The foundation of recorded audiovisual media (film, video) is photographic realism, which establishes the audience’s view of this diegetic framework. Sound is generally regarded as a means of reinforcing this photographic realism. “[S]ound is used to to make the image ‘credible’ within a very narrow definition of ‘realism’” (Wayne 1997: 176). Animated imagery, which is not recorded photographically, is different in that it has no connection to any pre-existing, “real” location. However, the audio methodology has transferred from film to animation using the exact same codes of recorded photography. Sounds for animation tend to come from recordings of real-world objects. This applies well to film where there is a match between what is photographically seen and heard. But in animation, applying such anachronistic sounds to imaginary visuals produces what might be called nondiegetic realism—a seeming contradiction in language that reflects the contradiction of applying sounds of modernity and nature to narratives of fantasy. Because animation has no filmed reality to reinforce, this approach takes us out of the animated world by its adherence to a realism which arises from a place outside the animated world, rather than inside it.

There are several reasons for this tendency, going back to the histories of film and of animation:

  • Historical: Film sound from its beginning played two roles: a) to attract attention to the cinematic apparatus and b) to legitimize the image (Lastra 2000). Sound as a craft was also regarded as technical rather than artistic. Animation sound relied heavily upon music for both musical and sound effects moments (Curtis 1992).
  • Technological: Location sound (or “production sound”) has always been a process of isolation—removing the location’s noise and ambience to preserve the primary signal, namely the voice.
  • Methodological: While production sound is restrictive (see No. 2), post-production sound is primarily additive, in the sense that sonic elements are re-built in the studio. Foley (character movement sounds), ADR (dialogue replacement), and sound effects recording and design are created in layers to produce the expectation of audiovisual verisimilitude and rational continuity.

Let us consider the importance of all three sound tendencies by using a simple example: footsteps. If we see someone walking in a (non-animated) film, we expect to hear that sound. Hearing these footsteps satisfies tendency No. 1: to legitimize the image.

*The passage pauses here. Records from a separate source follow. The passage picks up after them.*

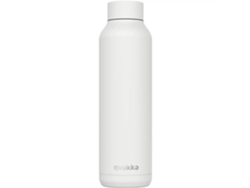 Botella térmica Quokka blanca sólida de 630 ml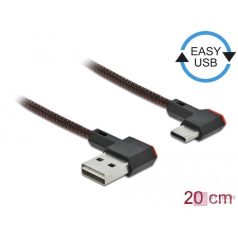 DeLOCK 85279 USB kábel 0,2 M USB 2.0 USB A USB C Fekete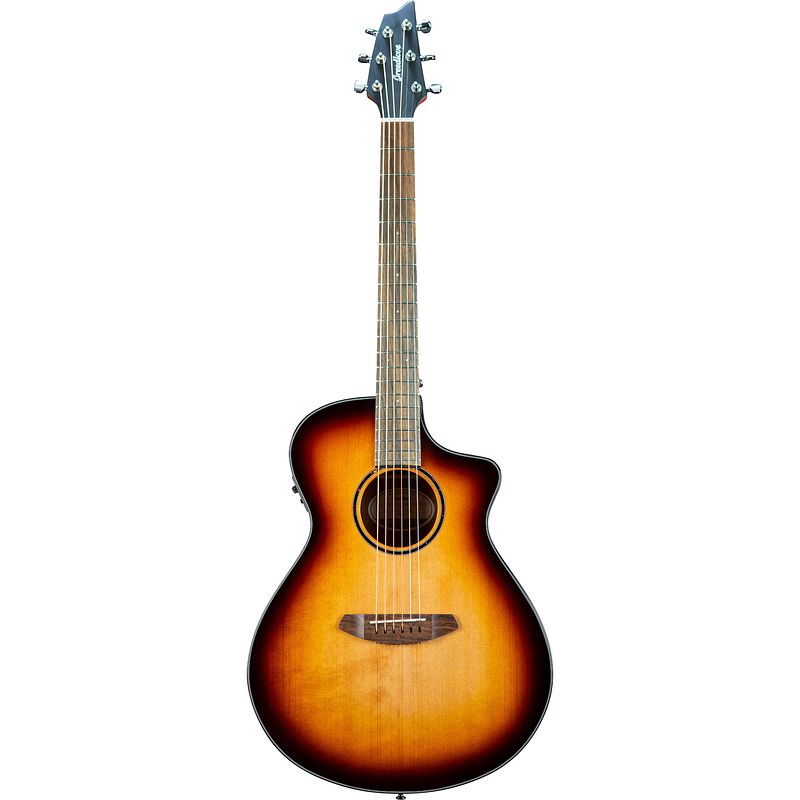 Foto van Breedlove discovery s concert spruce ce edgeburst elektrisch-akoestische gitaar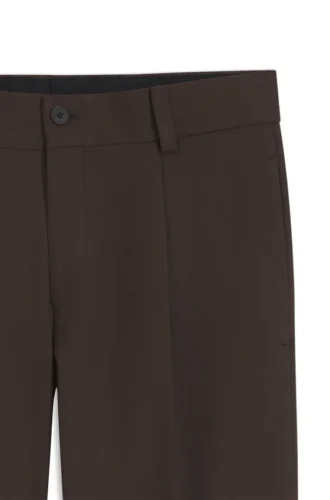 Modern-fit trousers in stretch twill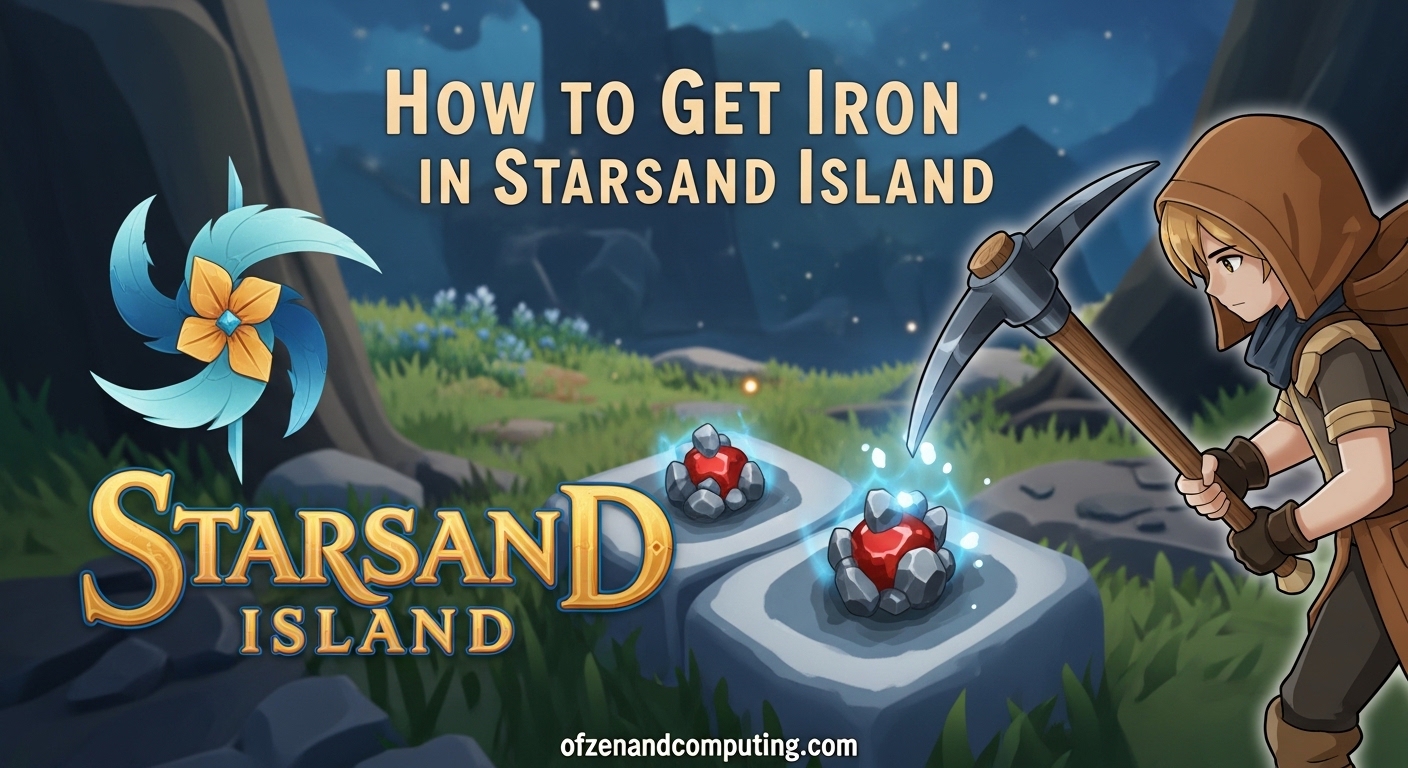 How to Get Iron Starsand Island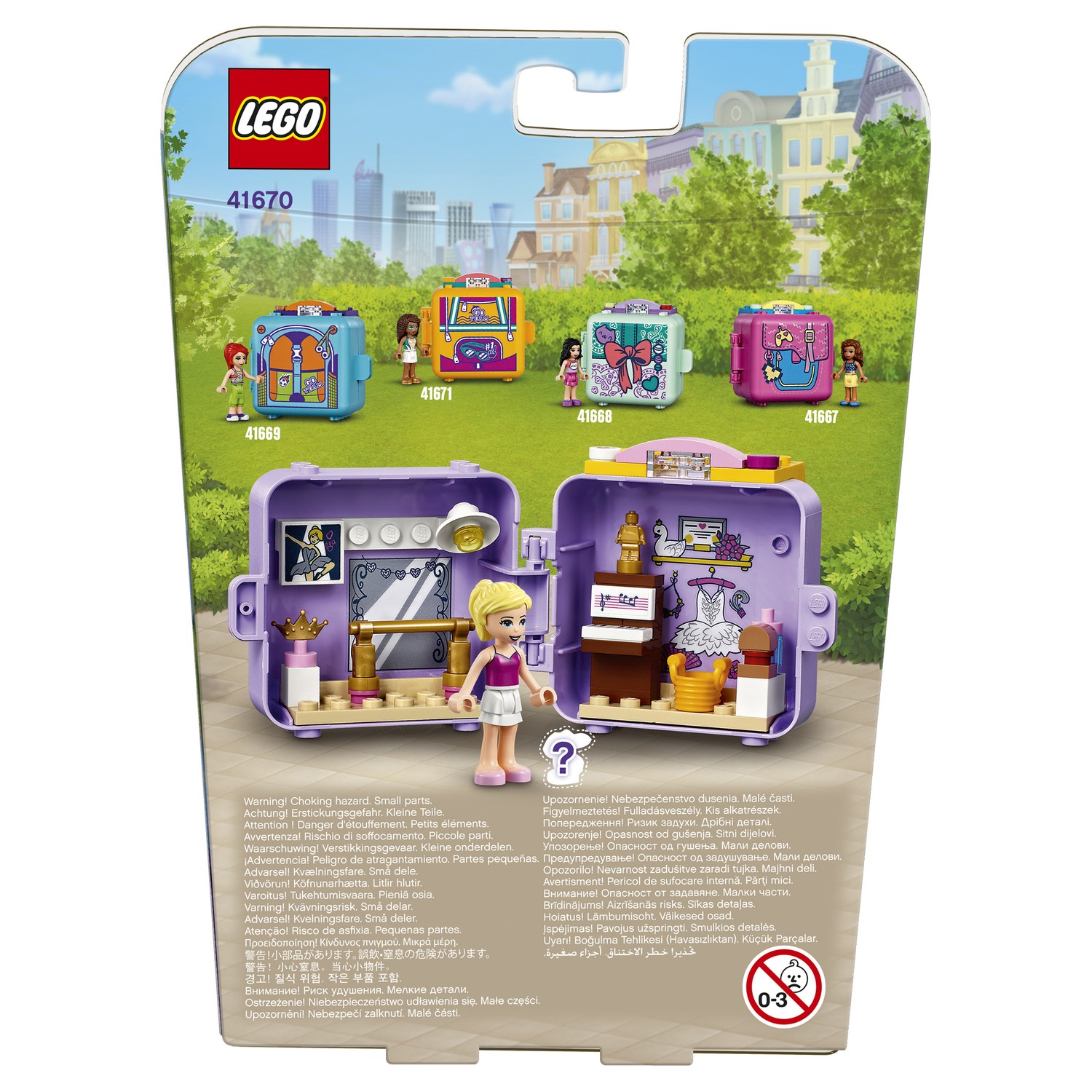 Конструктор LEGO Friends Кьюб для балета Стефани 41670 - фото 3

However, during film production, microphones are pointed at an actor’s voice if he is speaking dialogue in order to capture the clean sound of the voice. This is a reflection of tendency No. 2. As a result of this restriction, Foley performers inside a post-production recording studio will walk in sync to the visual image to produce the desired sound, thereby producing the expectations of tendency No. 3.

This film approach is mirrored in the animated form, except for the fact that animation has no “location sound.” Because there are no actors in existing settings, animation sound is produced from the imagination and applied to invented visuals. However, despite being an entirely different mode of production, animation takes its cues from film in its construction of filmic expectation. Imagine for example a scene similar to the above in an animated film in which a character is walking. Animation students and young animators tend to focus on this element and want to immediately produce sound for this action. This is because it is a synchronous moment that is clearly, visibly evident. There is a strong need to resolve this objective sense of rational closure. It does not matter so much what the sound is—for example, any kind of non-varying “tick tick tick” sound will suffice. The drive to fill the silence with something, anything, is strong. It is a matter of fulfilling the perceptual expectation. Professional-level animation projects will resolve the expectation through the film-based post-production methodology described in No. 3 above.